● **Instructions for the task**
Where a record contains a picture, omit the picture and repeat the rest exactly.

● **Source data**

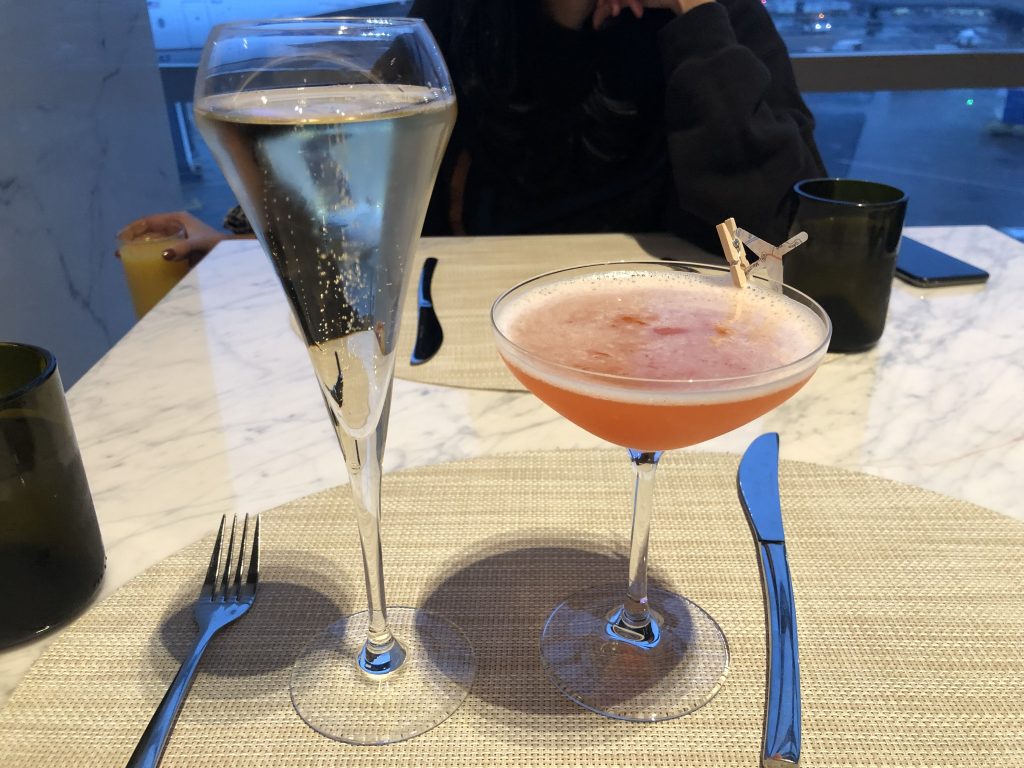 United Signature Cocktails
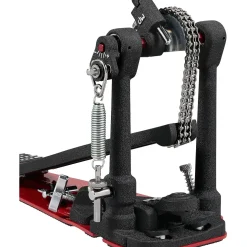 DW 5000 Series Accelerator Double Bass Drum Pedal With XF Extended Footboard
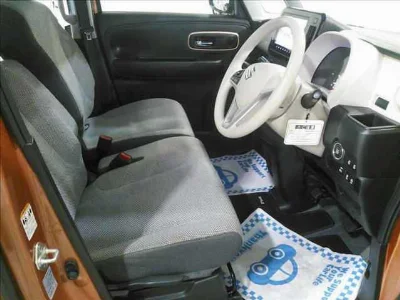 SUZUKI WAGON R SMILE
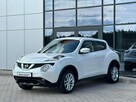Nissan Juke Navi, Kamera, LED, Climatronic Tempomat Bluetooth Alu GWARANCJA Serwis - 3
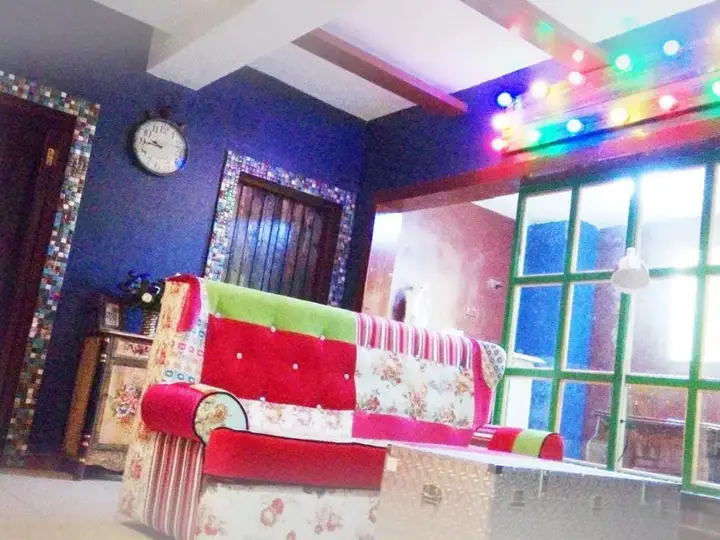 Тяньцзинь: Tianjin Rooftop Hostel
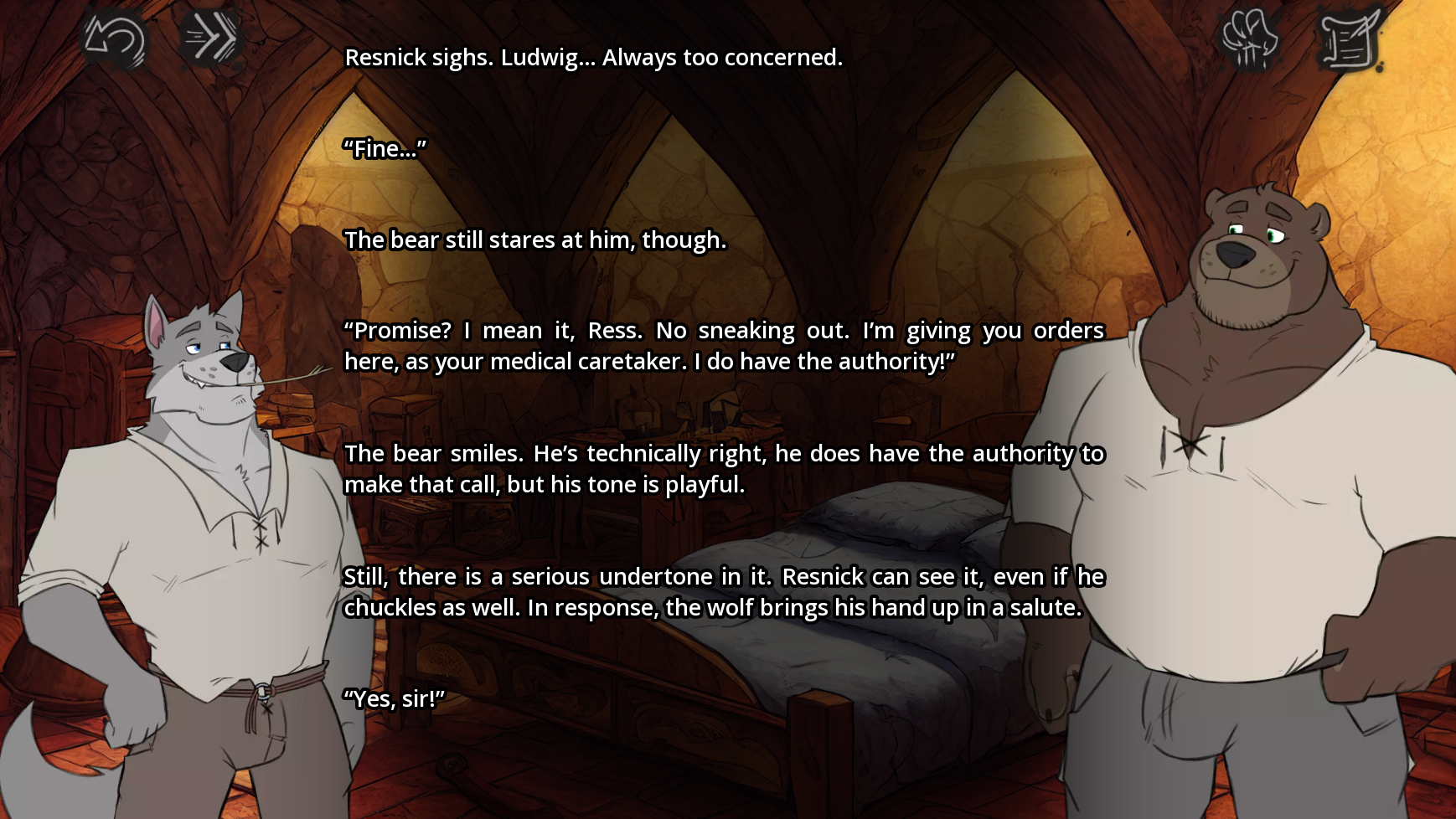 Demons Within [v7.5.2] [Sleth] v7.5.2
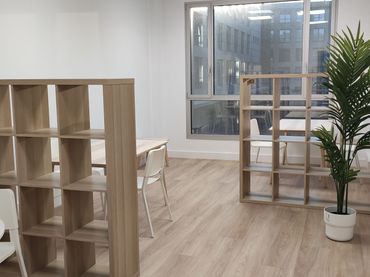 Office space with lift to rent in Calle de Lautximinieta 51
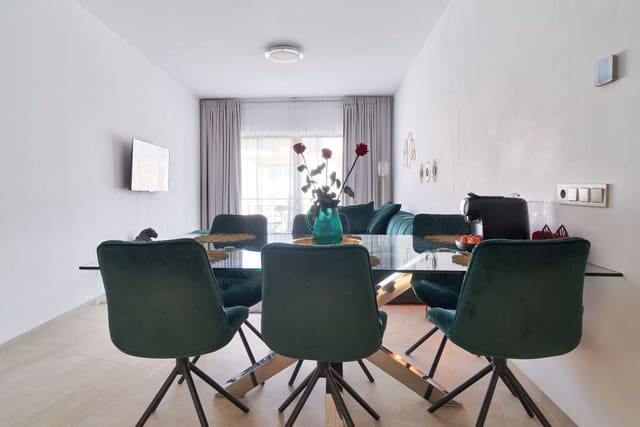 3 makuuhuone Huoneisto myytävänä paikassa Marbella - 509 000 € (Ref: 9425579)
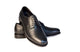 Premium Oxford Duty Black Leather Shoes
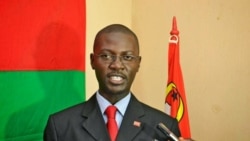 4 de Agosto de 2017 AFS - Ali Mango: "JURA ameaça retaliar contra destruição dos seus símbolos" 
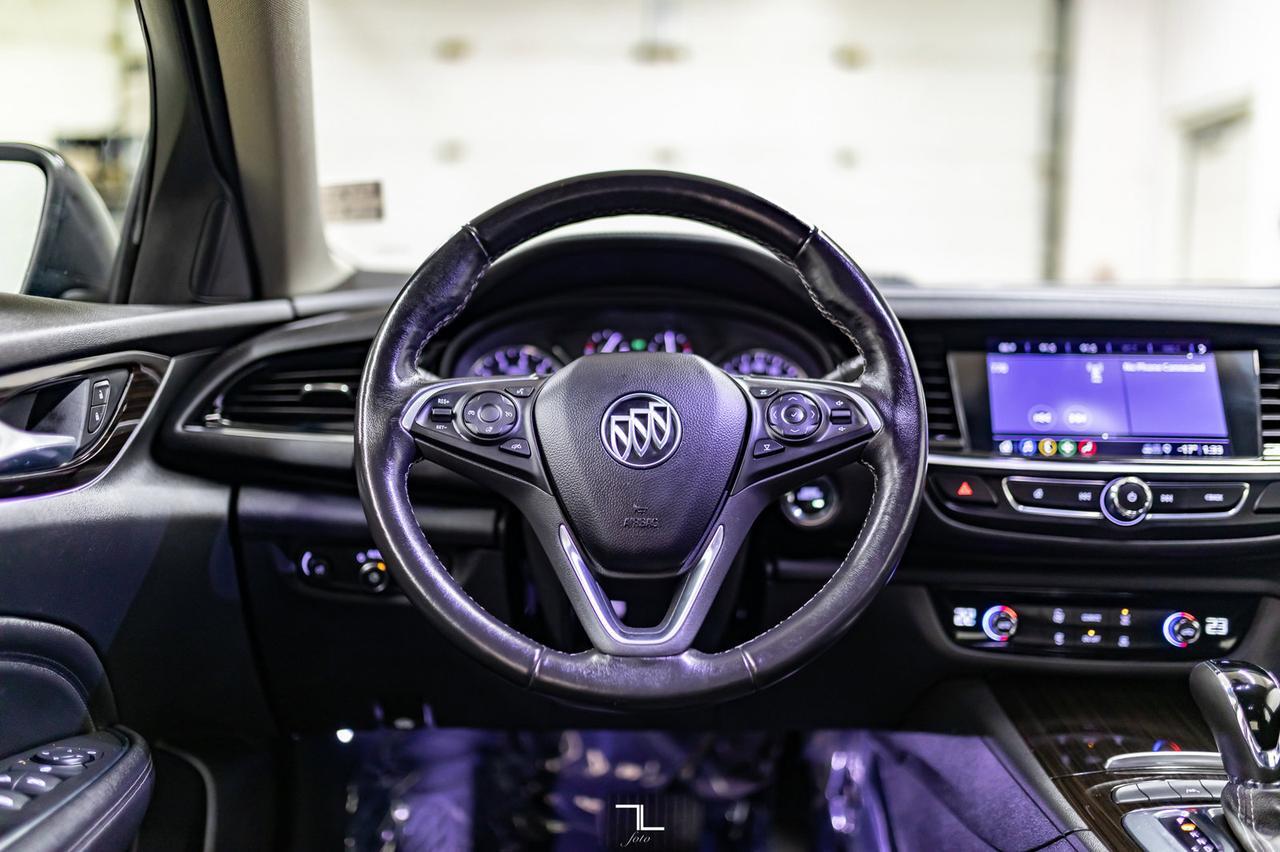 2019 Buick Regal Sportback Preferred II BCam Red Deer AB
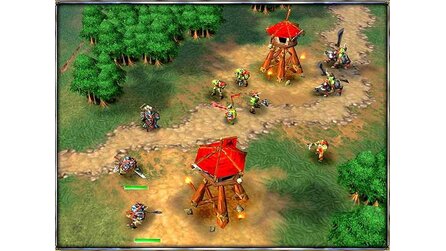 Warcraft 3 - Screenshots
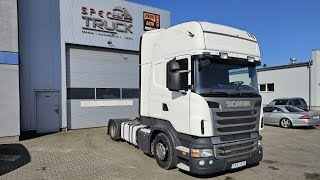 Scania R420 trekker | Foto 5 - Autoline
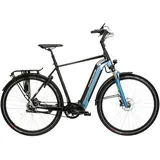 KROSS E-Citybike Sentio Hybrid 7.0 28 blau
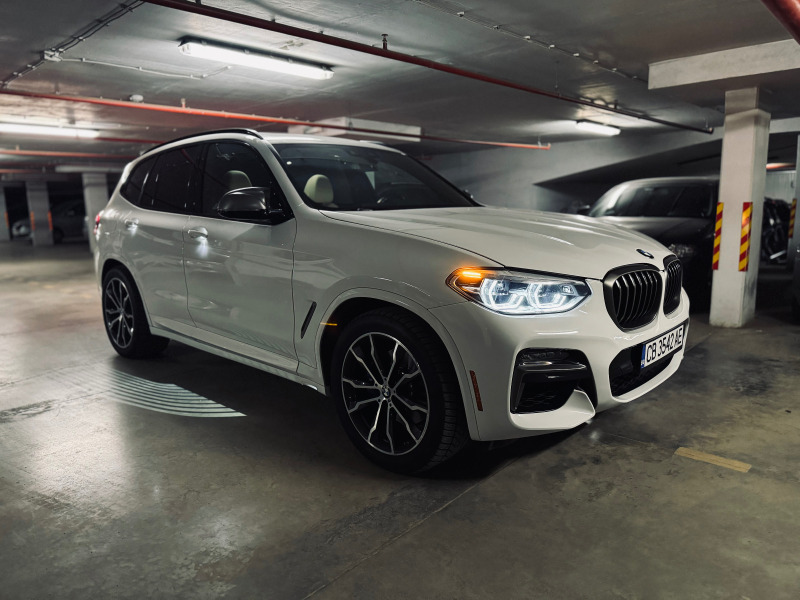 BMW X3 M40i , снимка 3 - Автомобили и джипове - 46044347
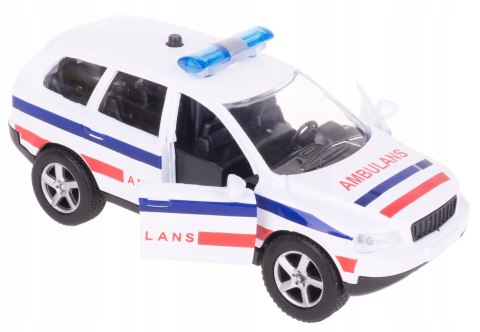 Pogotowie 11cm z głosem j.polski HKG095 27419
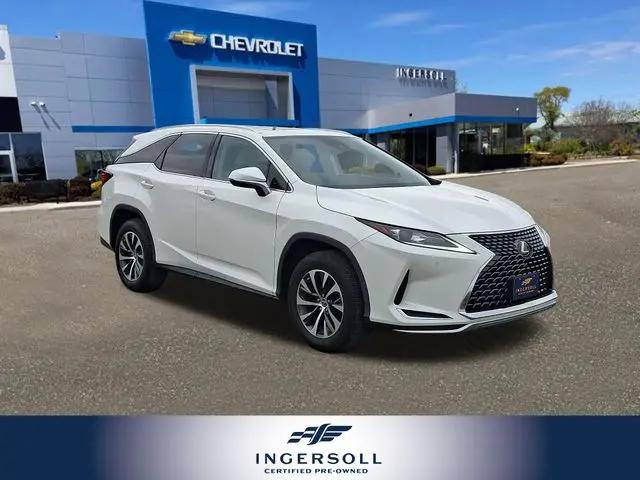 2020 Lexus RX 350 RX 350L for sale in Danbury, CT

● **Exercise output**
 United Signature Cocktails
 DW 5000 Series Accelerator Double Bass Drum Pedal With XF Extended Footboard
 SUZUKI WAGON R SMILE
Nissan Juke Navi, Kamera, LED, Climatronic Tempomat Bluetooth Alu GWARANCJA Serwis - 3
 Тяньцзинь: Tianjin Rooftop Hostel
 Demons Within [v7.5.2] [Sleth] v7.5.2
 Office space with lift to rent in Calle de Lautximinieta 51
 3 makuuhuone Huoneisto myytävänä paikassa Marbella - 509 000 € (Ref: 9425579)
 Premium Oxford Duty Black Leather Shoes
 4 de Agosto de 2017 AFS - Ali Mango: "JURA ameaça retaliar contra destruição dos seus símbolos" 
 2019 Buick Regal Sportback Preferred II BCam Red Deer AB
 Warcraft 3 - Screenshots
 Scania R420 trekker | Foto 5 - Autoline
 KROSS E-Citybike Sentio Hybrid 7.0 28 blau
 BMW X3 M40i , снимка 3 - Автомобили и джипове - 46044347
 Pogotowie 11cm z głosem j.polski HKG095 27419
 2020 Lexus RX 350 RX 350L for sale in Danbury, CT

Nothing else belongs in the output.